La ‘presunción de inocencia’ que ampara a los 12 procesados por el golpe catalán del octubre de 2017, acaba para todos los que resulten condenados en el fallo -que se espera unánime- del Tribunal Supremo que este lunes hará pública su sentencia. 

En la que posiblemente nueve de ellos, con Oriol Junqueras a la cabeza, asumirán la condición de delincuentes con penas de prisión importantes como autores de los delitos de sedición, malversación, desobediencia y ya veremos si también si de rebelión en grado de ‘tentativa’ o de ‘conspiración para la rebelión’. 

Y todo ello por unos hechos que el Tribunal considera probados a lo largo del juicio que concluyó el pasado 12 de junio y de los testimonios y pruebas presentadas en la vista con todas las garantías jurídicas y procesales, tal y como se ha podido apreciar en vivo y en directo por televisión. 

No estamos ante una sentencia política, como pretenden los soberanistas, ni ante un problema de ‘convivencia’ en Cataluña como de manera temeraria suele decir Pedro Sánchez.
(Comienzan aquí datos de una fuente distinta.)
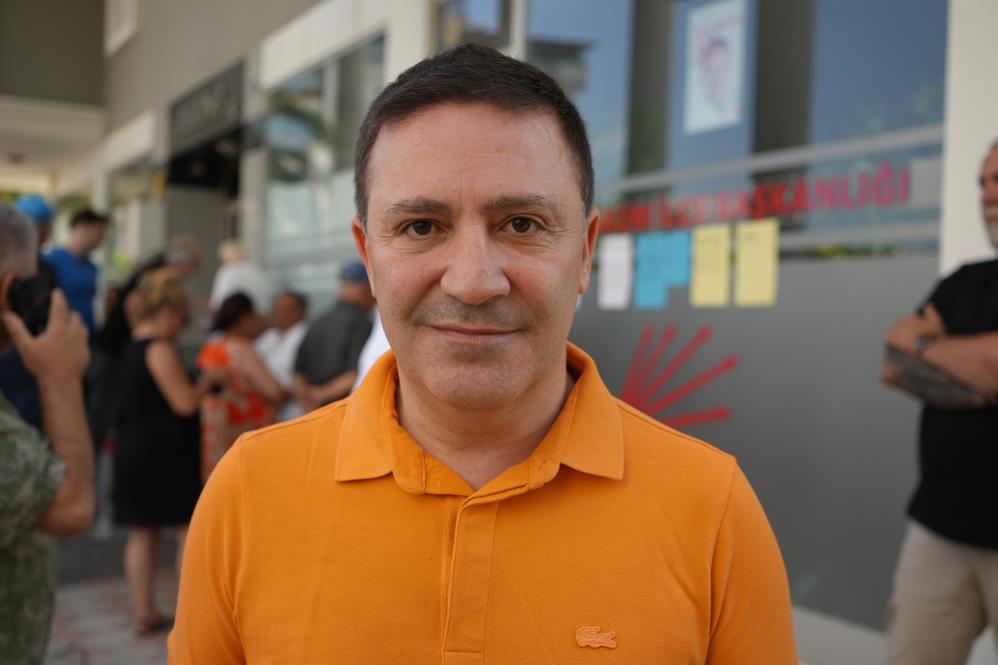 Samsun’da CHP’nin delege seçimlerindeki kavgada Prof. Dr. Şevket Özkaya yüzüne tekme yedi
Sino ante hechos delictivos que han vulnerado la legalidad y que merecen ser condenados como cualquier otros por más que sus autores hayan sido políticos y gobernantes. 
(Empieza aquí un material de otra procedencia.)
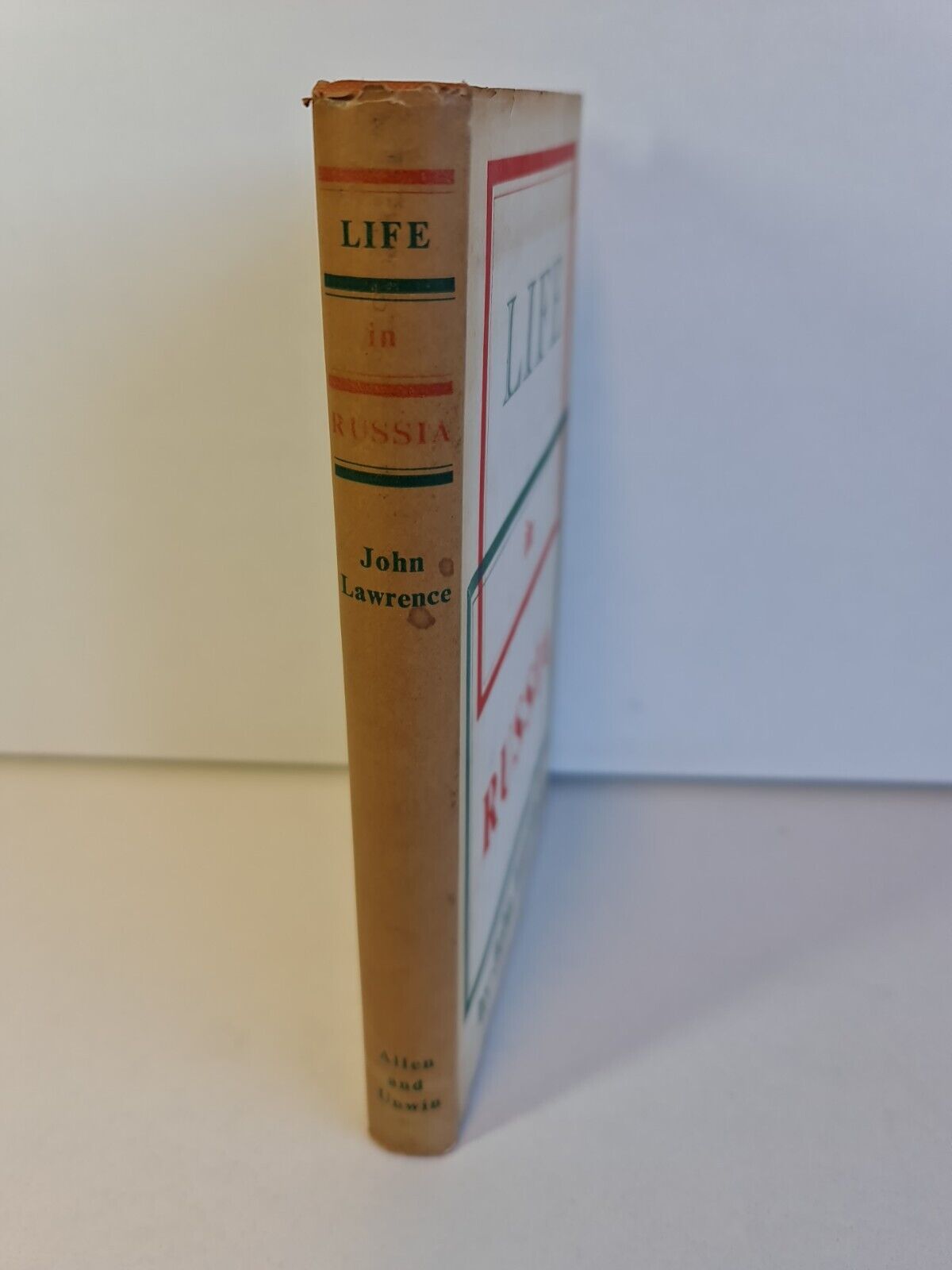 Life in Russia by John Lawrence (1948)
En España, por cierto, hay muchos políticos en las cárceles por corrupción, como debería de ocurrir con algunos otros como los Puyol. Una condición de políticos que no constituye eximente alguno para que puedan recibir del presidente (en funciones) Pedro Sánchez el indulto que ya planea sobre el debate electoral y político nacional. 

Porque si hay indultos se estaría desautorizando al Tribunal, dando alas a otra rebelión secesionista, dañando la confianza de millones de españoles en las instituciones y la imagen de España y la Justicia española en el mundo. Y algo así dejaría en el mayor de los desamparados a los catalanes de bien que sufren a diario el acoso y la agresión del golpismo soberanista catalán. 
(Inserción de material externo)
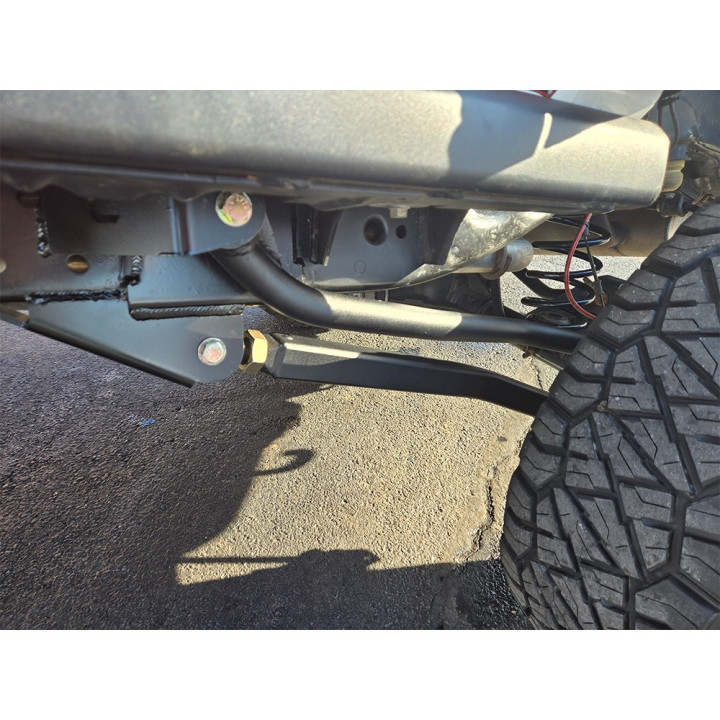 Set Suspensie Braț Lung, Clayton Off Road Overland+ Lift 2.5 Inch - EDK.ro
La sentencia es y debe ser justa, ejemplarizante y también disuasoria para otros posibles delincuentes que quieran seguir el sendero de los golpistas en pos de forzar, al margen de la Constitución y del Estatuto, la ley y la ruptura de la unidad de España. 

Y que se prepare tras la sentencia condenatoria el prófugo y gran cobarde Puigdemont y sus demás compañeros de fuga porque ahora a ellos también se les caerá la condición de ‘presuntos’. Lo que ha de facilitar la aplicación inmediata de la ‘euroorden’ de extradición de todos ellos a España. 

Llevamos dos años de infamia golpista y de insultos a España y al conjunto de los españoles por parte de una banda criminal organizada (y financiada y publicitada por muy altos poderes económicos catalanes) como ahora va a quedar acreditado en la sentencia del Tribunal Supremo. 

La que este lunes verá la luz y pondrá punto final a un monumental disparate sobre el que ahora caerá el peso de la Ley y que esperemos no se repetirá.